Gont                      Expires July 15, 2012                 [Page 7]
Internet-Draft             Flow Label Security              January 2012

   This scheme should be used when a new flow is to be created (e.g.,
   when a new TCP connection is to be created).  Once a Flow Label value
   for such flow is selected, the Flow Label field of all the IPv6
   packets corresponding to that flow would be set to the selected value
   (until the flow is terminated).

   This scheme was originally proposed in [RFC1948] for the selection of
   TCP Initial Sequence Numbers, and later proposed for the selection of
   TCP ephemeral ports [RFC6056] and for the selection of TCP timestamps
   [CPNI-TCP].

   This scheme separates the Flow Label space for each pair of (Source
   Address, Destination Address), resulting in a sequence of
   monotonically-increasing Flow Label values (with a pseudo-random
   origin) within each of those Flow Label spaces.

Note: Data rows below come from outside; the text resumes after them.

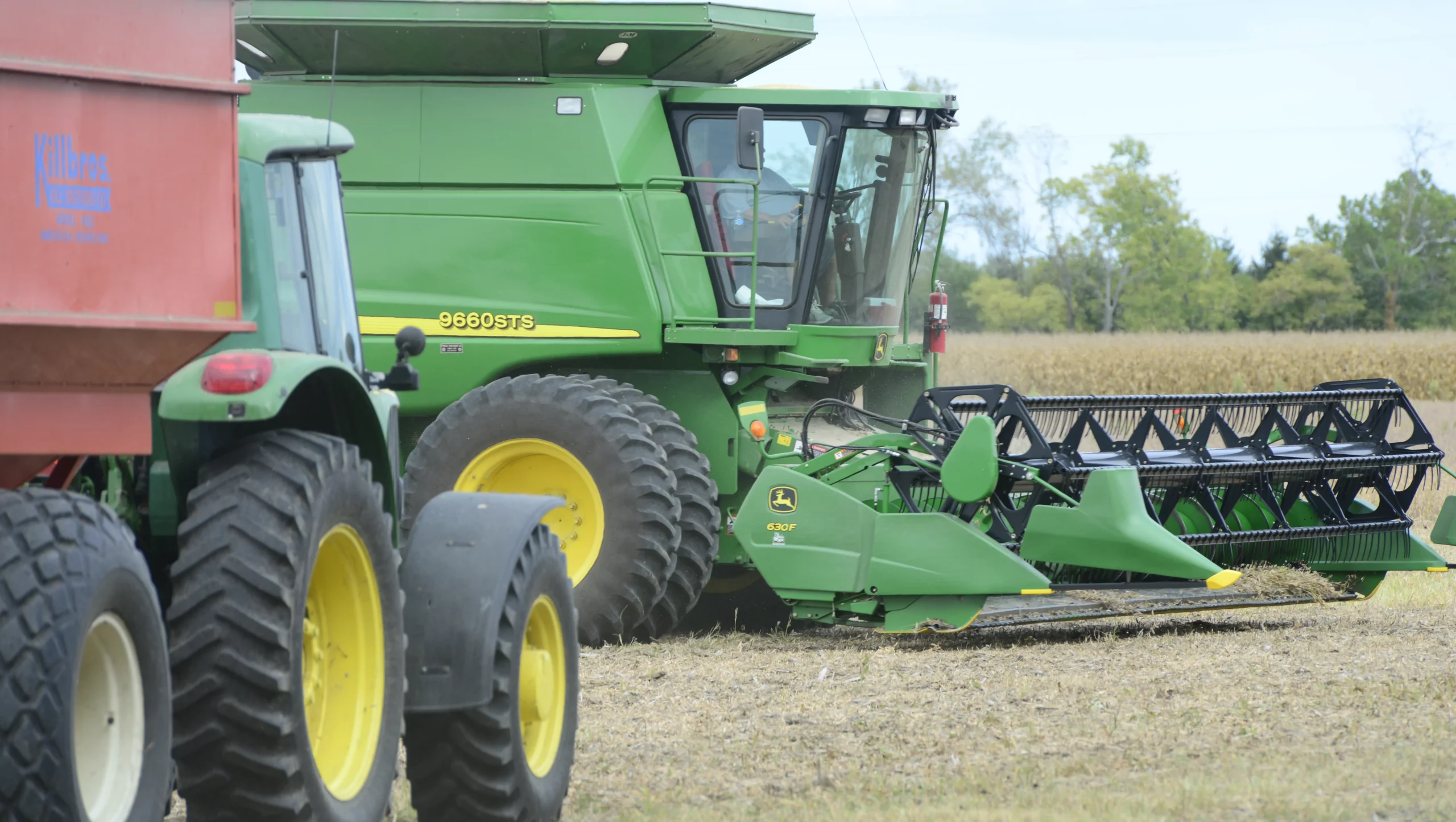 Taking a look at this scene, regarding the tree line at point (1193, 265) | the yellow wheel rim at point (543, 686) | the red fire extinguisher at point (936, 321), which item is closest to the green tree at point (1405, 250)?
Answer: the tree line at point (1193, 265)

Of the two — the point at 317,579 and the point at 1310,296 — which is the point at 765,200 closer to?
the point at 317,579

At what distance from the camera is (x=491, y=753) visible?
13.3 feet

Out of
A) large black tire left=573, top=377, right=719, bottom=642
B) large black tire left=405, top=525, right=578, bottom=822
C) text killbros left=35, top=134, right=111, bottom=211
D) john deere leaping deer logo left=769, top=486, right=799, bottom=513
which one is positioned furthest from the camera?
large black tire left=573, top=377, right=719, bottom=642

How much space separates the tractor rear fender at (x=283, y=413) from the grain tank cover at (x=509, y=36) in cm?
462

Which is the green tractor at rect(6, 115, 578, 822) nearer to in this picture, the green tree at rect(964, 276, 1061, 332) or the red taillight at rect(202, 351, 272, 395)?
the red taillight at rect(202, 351, 272, 395)

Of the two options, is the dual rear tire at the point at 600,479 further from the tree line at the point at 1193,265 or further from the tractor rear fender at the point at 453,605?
the tree line at the point at 1193,265

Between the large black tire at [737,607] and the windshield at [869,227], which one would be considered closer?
the large black tire at [737,607]

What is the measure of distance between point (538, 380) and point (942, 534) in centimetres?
239

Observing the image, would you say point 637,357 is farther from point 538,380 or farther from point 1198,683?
point 1198,683

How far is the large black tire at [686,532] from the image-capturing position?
8312 mm

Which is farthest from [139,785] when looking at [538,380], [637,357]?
[637,357]

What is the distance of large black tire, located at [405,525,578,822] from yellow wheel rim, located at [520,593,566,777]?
9 centimetres

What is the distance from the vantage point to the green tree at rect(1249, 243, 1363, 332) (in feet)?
177

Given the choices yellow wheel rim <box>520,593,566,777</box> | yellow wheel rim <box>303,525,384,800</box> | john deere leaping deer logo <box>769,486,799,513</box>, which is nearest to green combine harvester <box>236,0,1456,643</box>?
john deere leaping deer logo <box>769,486,799,513</box>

   The following figure illustrates this algorithm in pseudo-code:

        /* Initialization at system boot time */
        counter = 0;

        /* Flow Label selection function */
        offset = F(local_IP, remote_IP, secret_key);

        count = 1048576;

        do {
            flowlabel = (offset + counter) % 1048576;
            counter++;

            if(three-tuple is unique)
                return flowlabel;

           count--;

        } while (count > 0);

        /* Set the Flow Label to 0 if there is no
           unused Flow Label                      */

        return 0;

                                 Figure 1

   This algorithm should be executed when a new flow is to be created
   (e.g., when a new TCP connection is to be created).  Once a Flow

Gont                      Expires July 15, 2012                 [Page 8]
Internet-Draft             Flow Label Security              January 2012

   Label value for such flow is selected, the Flow Label field of all
   the IPv6 packets corresponding to that flow would be set to the
   selected value (until the flow is terminated).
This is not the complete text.